__Problem to work on__.
Could you print the stretch of lines below from the one with "CBC, DIFF SMEAR, ESR, CRP, URINALYSIS, LFT, MUSCLE" through the one with "V. K. Gupta, M.", exactly as they stand and without any pictures?
══ The input ══
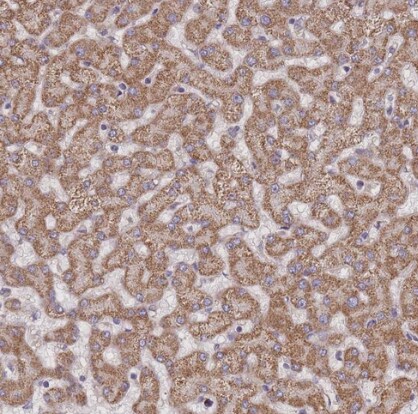 SLC25A42 Antibody - BSA Free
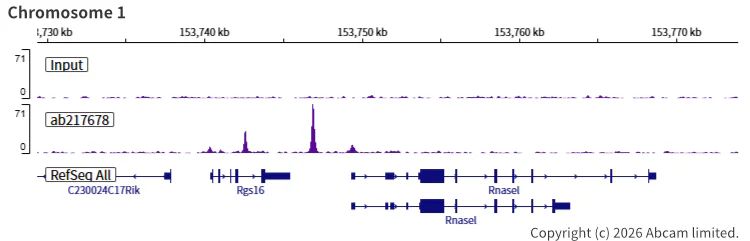 ChIP-sequencing - Anti-Rad21 antibody [EPR22506-15] - BSA and Azide free (AB254483)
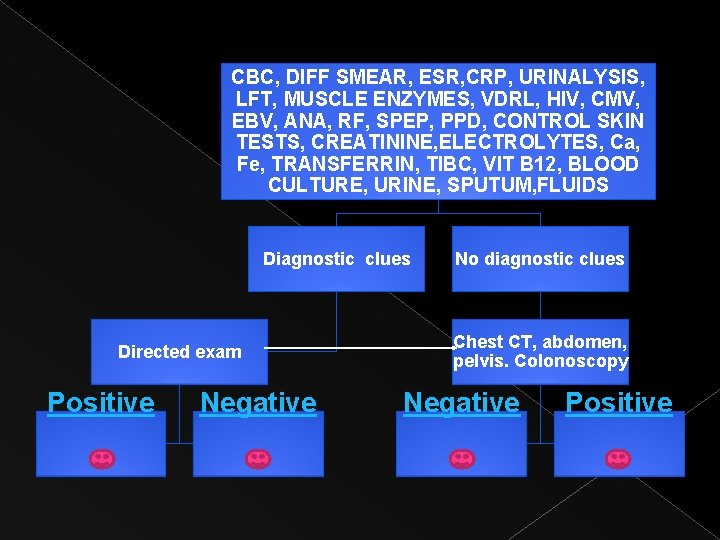 CBC, DIFF SMEAR, ESR, CRP, URINALYSIS, LFT, MUSCLE ENZYMES, VDRL, HIV, CMV, EBV, ANA,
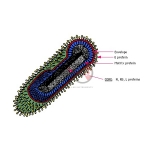 Rhabdo Virus Model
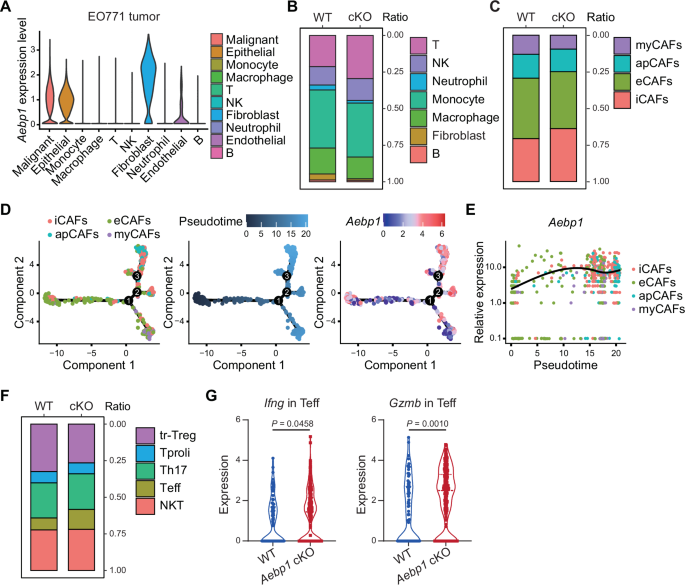 Fig. 3: scRNA-seq uncovers that CAF-derived Aebp1 reshapes the tumor immune microenvironment.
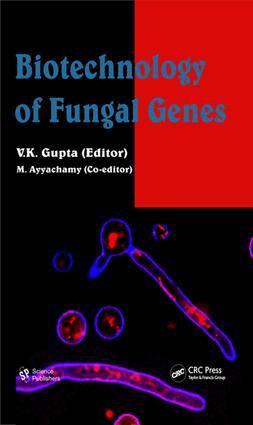 V. K. Gupta, M. Ayyachamy - Biotechnology of Fungal Genes, E-bok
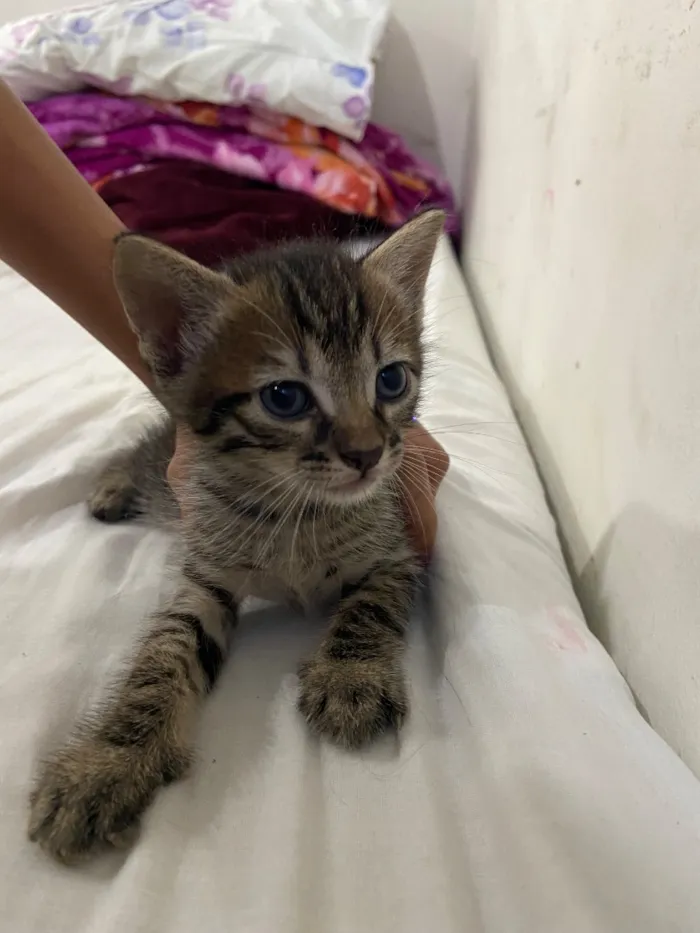 Gato raça SRD-ViraLata idade Abaixo de 2 meses nome 4 gatinhos filhotes 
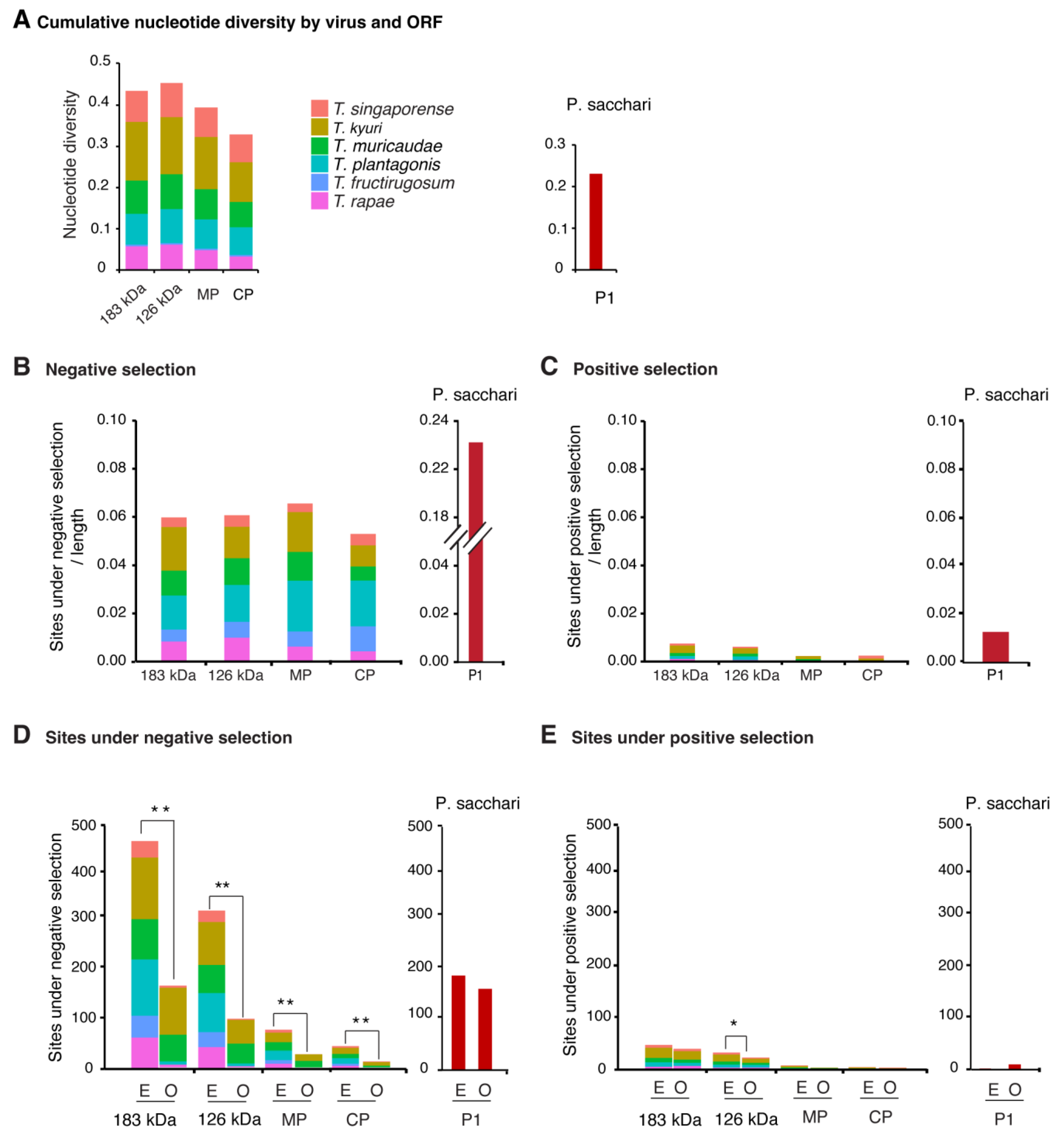 Viruses 17 01284 g005 Viruses 17 01284 g005
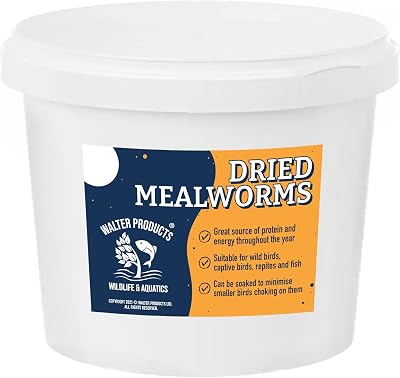 Walter’s Meal Worms 1L Tub - Dried Mealworms for Birds, Premium Protein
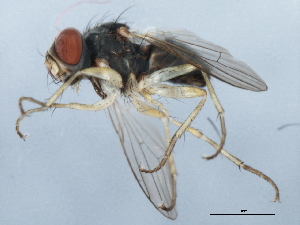  ( - 10BBDIP-2215)  @13 [ ] CreativeCommons - Attribution (2010) CBG Photography Group Centre for Biodiversity Genomics
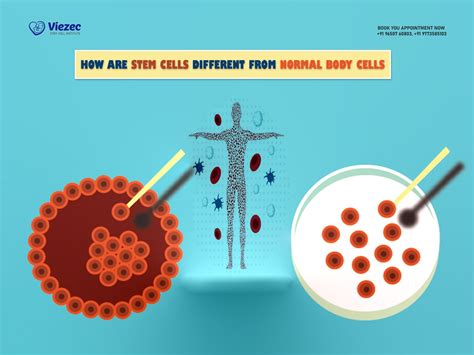 Do Stem Cells Have The Same Dna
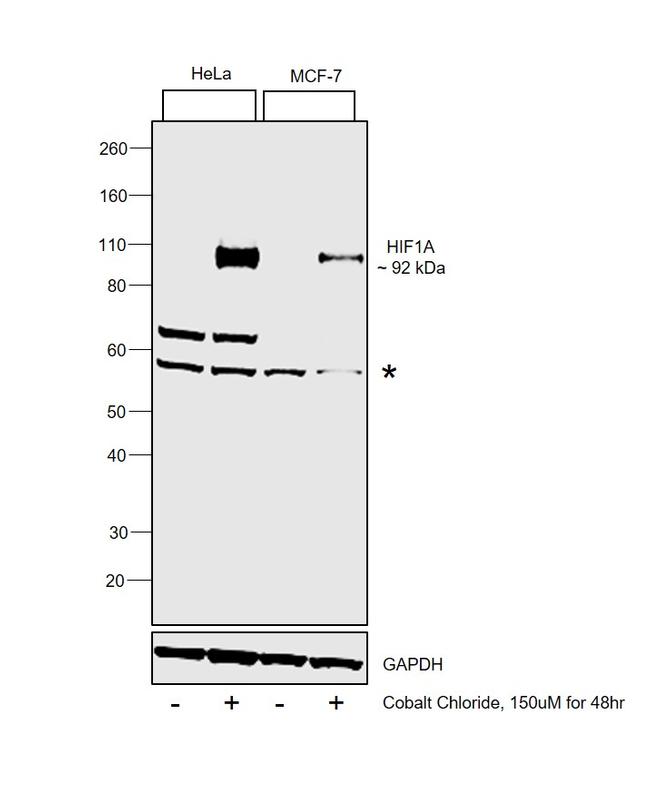 HIF1A Antibody in Western Blot (WB)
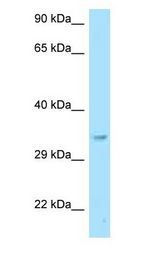 GNB2L1 / RACK1 antibody Western Blot of Mouse Liver.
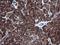 DExD/H-Box Helicase 58 antibody, NBP2-45678, Novus Biologicals, Immunohistochemistry paraffin image 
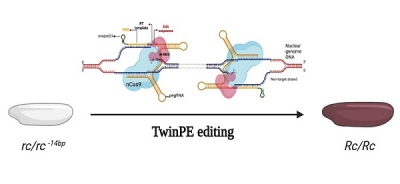Phát triển hệ thống chỉnh sửa gene Prime editing hiệu suất cao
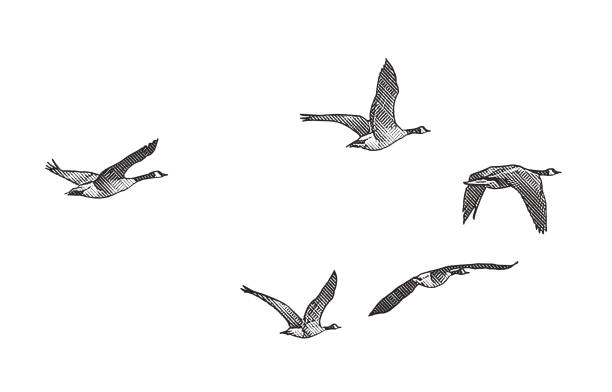 ilustraciones, imágenes clip art, dibujos animados e iconos de stock de gansos de canadá volando en formación v - ánsar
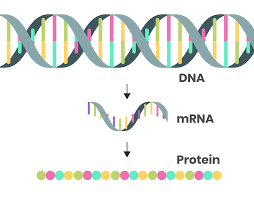 <p>DNA→RNA→Protein</p>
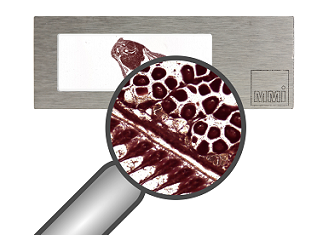 Whole Slide Imaging meets Laser Microdissection: MMI launches MMI CellScan — MMI Molecular Machines & Industries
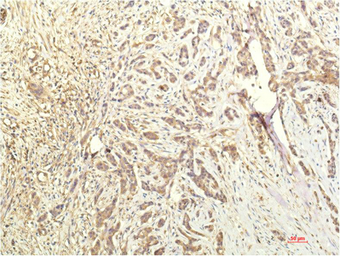 Anti-STAT1 antibody [8H11] used in IHC (Paraffin sections) (IHC-P). GTX34231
═══
__Result__.
 CBC, DIFF SMEAR, ESR, CRP, URINALYSIS, LFT, MUSCLE ENZYMES, VDRL, HIV, CMV, EBV, ANA,
 Rhabdo Virus Model
 Fig. 3: scRNA-seq uncovers that CAF-derived Aebp1 reshapes the tumor immune microenvironment.
 V. K. Gupta, M. Ayyachamy - Biotechnology of Fungal Genes, E-bok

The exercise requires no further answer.